_EXERCISE DESCRIPTION_. Word for word, restate the lines of the listing below from the line with "Mesh bath cushion attached to a tub." through the line with "Die Burg von Bahrain", and do not include the pictures.

*-*-*

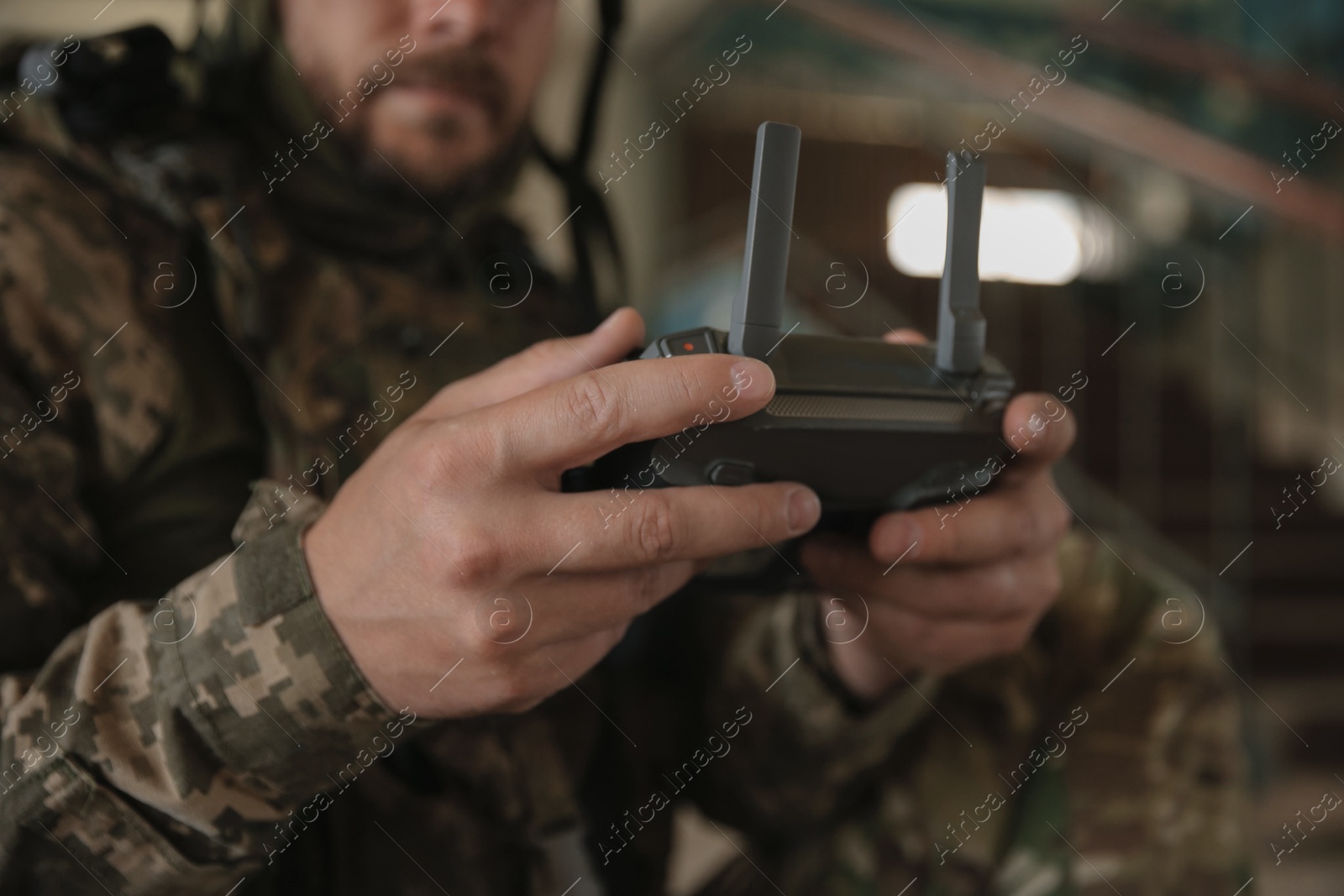 Photo of Military mission. Soldier in uniform with drone controller inside abandoned building, closeup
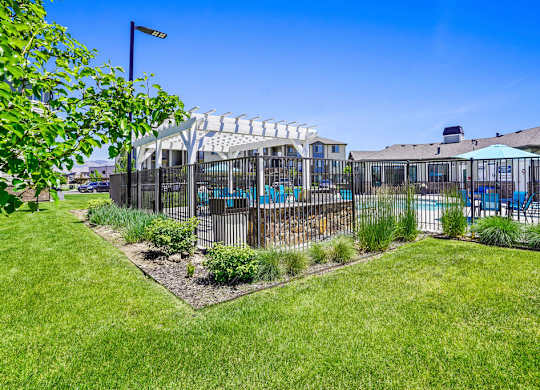 A backyard with a pool and a fence.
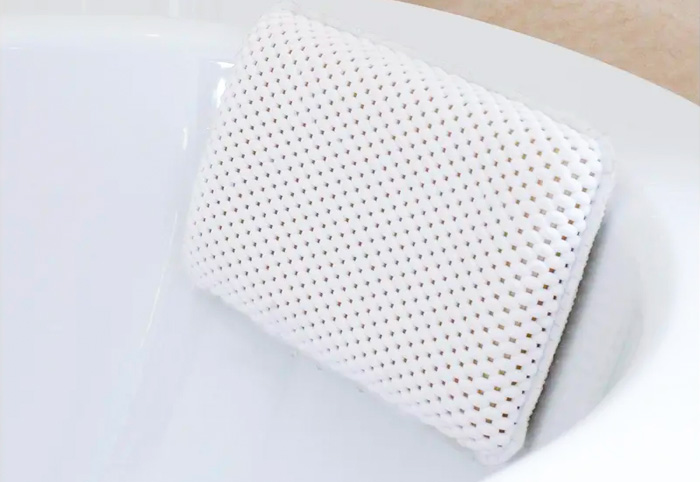 Mesh bath cushion attached to a tub.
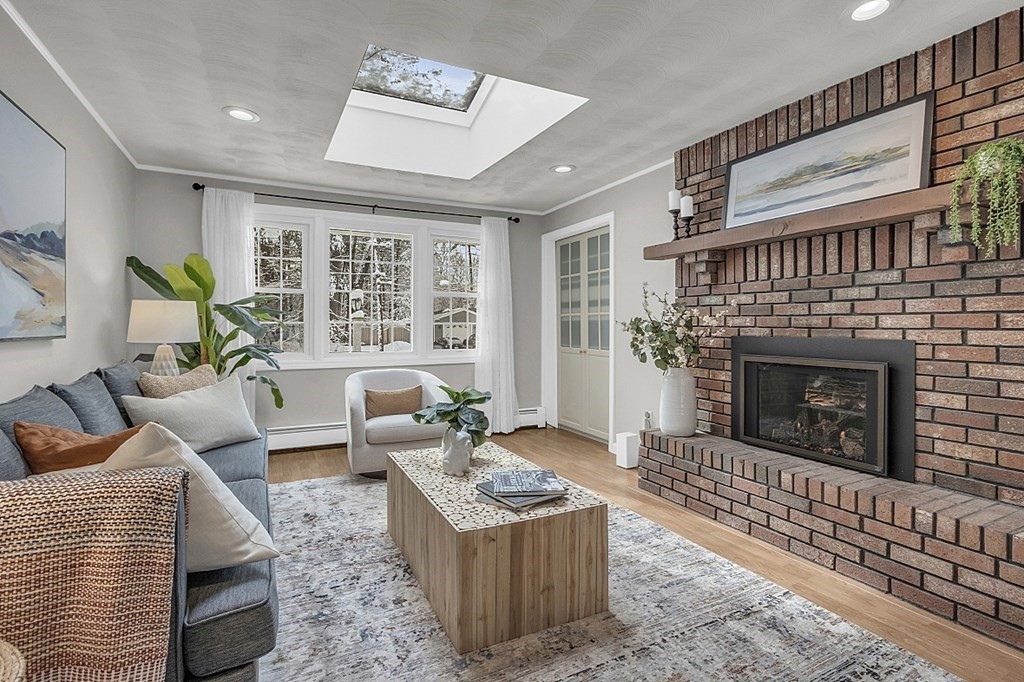 25 Ansie Road Chelmsford, MA 01824 - Photo 25 of 41 a living room with furniture and a fireplace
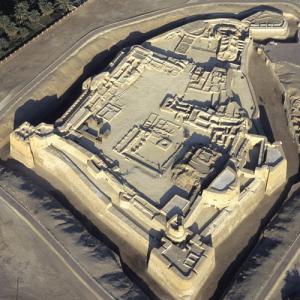 Die Burg von Bahrain
Die portugiesische Burg von Bahrain, Qal’at al-Bahrain, krönt einen 300 x 600 m grossen und 12 m hohen Ruinenhügel (Tell), der während 4500  Jahren, seit der Zeit des Reichs von Dilmun, ununterbrochen besiedelt war. Dilmun hat seinen Auftritt schon in den ältesten sumerischen Keilschifttexten, die zwischen 3300 und 2300   v. Chr. in Tontafeln eingeritzt wurden, und es bleibt in Mesopotamien bis in die neubabylonische Zeit ein Begriff.

Dilmun monopolisierte den Seehandel zwischen dem Industal und dem Zweistromland. Zeitweilig geriet es offenbar in Abhängigkeit von Stadtstaaten am Euphrat oder Tigris. Seine Bedeutung übersteigt die eines erfolgreichen Handelsplatzes. Dilmun ist Teil des sumerischen Schöpfungsmythos. Im Gilgamesh-Epos figuriert Dilmun als das Paradies.

Die Angaben in Textquellen zu seiner Lage und Ausdehnung indes sind verwirrlich und widersprüchlich; Dilmun war lange schattenhaft, kaum mehr als ein Gerücht. Schon früh vermuteten freilich die Forscher, dass die Insel Bahrain, einst gesegnet mit artesischen Süsswasservorkommen, das Dilmun-Paradies sein könnte. Aber erst 1954 - 1970  nahmen sich dänische Archäologen den Tell bei Manama, der Hauptstdt des Königreichs Bahrain, vor. Und sie entdeckten, dass tatsächlich seine ältesten Schichten von 2200 v.Chr. zur Dilmun-Kultur gehören, das Gerücht war endlich dauerhaft verortet.

Auch jüngere Besiedlungsbelege aus nahezu zwei Jahrtausenden wiesen die Ausgräber der Dilmun-Kultur zu: Monumentalbauten an einer Prachtstrasse, Repräsentations-, Wohn- und Vorratsräume eines Palastes, ein Tempel, Hafenanlagen. In dem Ruinenhügel verbirgt sich anscheinend der Sitz eines Königs oder, in Perioden der Vasallenschaft, die Residenz des Statthalters. Die quadratische Festung (im Flugbild oben) entstand erst im 3. Jahrhundert; die Bauherren waren vermutlich Sassaniden von der anderen (heute persischen) Seite des Golfs. Die Sicherung der Seefahrt im Golf war schon damals von strategischer Bedeutung.

Die Portugiesen, die sich gerade in Hormus festgesetzt hatten, errichteten im l6. Jahrhundert auch in Bahrain eine mächtige Burg, die sie erst wieder aufgaben, als die Versandung eines Zufahrtkanals sie vom Meer abschnitt und damit militärisch nutzlos machte. Jetzt endeten viereinhalb Jahrtausende Siedlungsleben abrupt, übrig blieb eine archäologische Fundstelle. Das Gutachten des Internationalen Rats für Denkmalpflege (ICOMOS), das 2004 der Unesco die Anerkennung von Tell und Burg als Welterbe (im Folgejahr)  nahelegte, vermerkt diese Verwandlung mit einem Anflug von Wehmut. – Jahr des Flugbilds: 2005 (Copyright Georg Gerster/Keystone)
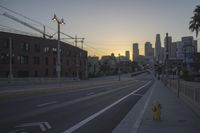 an empty highway with power lines leading to city buildings in the back ground and road tracks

*-*-*

_EXERCISE SOLUTION_.
 Mesh bath cushion attached to a tub.
 25 Ansie Road Chelmsford, MA 01824 - Photo 25 of 41 a living room with furniture and a fireplace
 Die Burg von Bahrain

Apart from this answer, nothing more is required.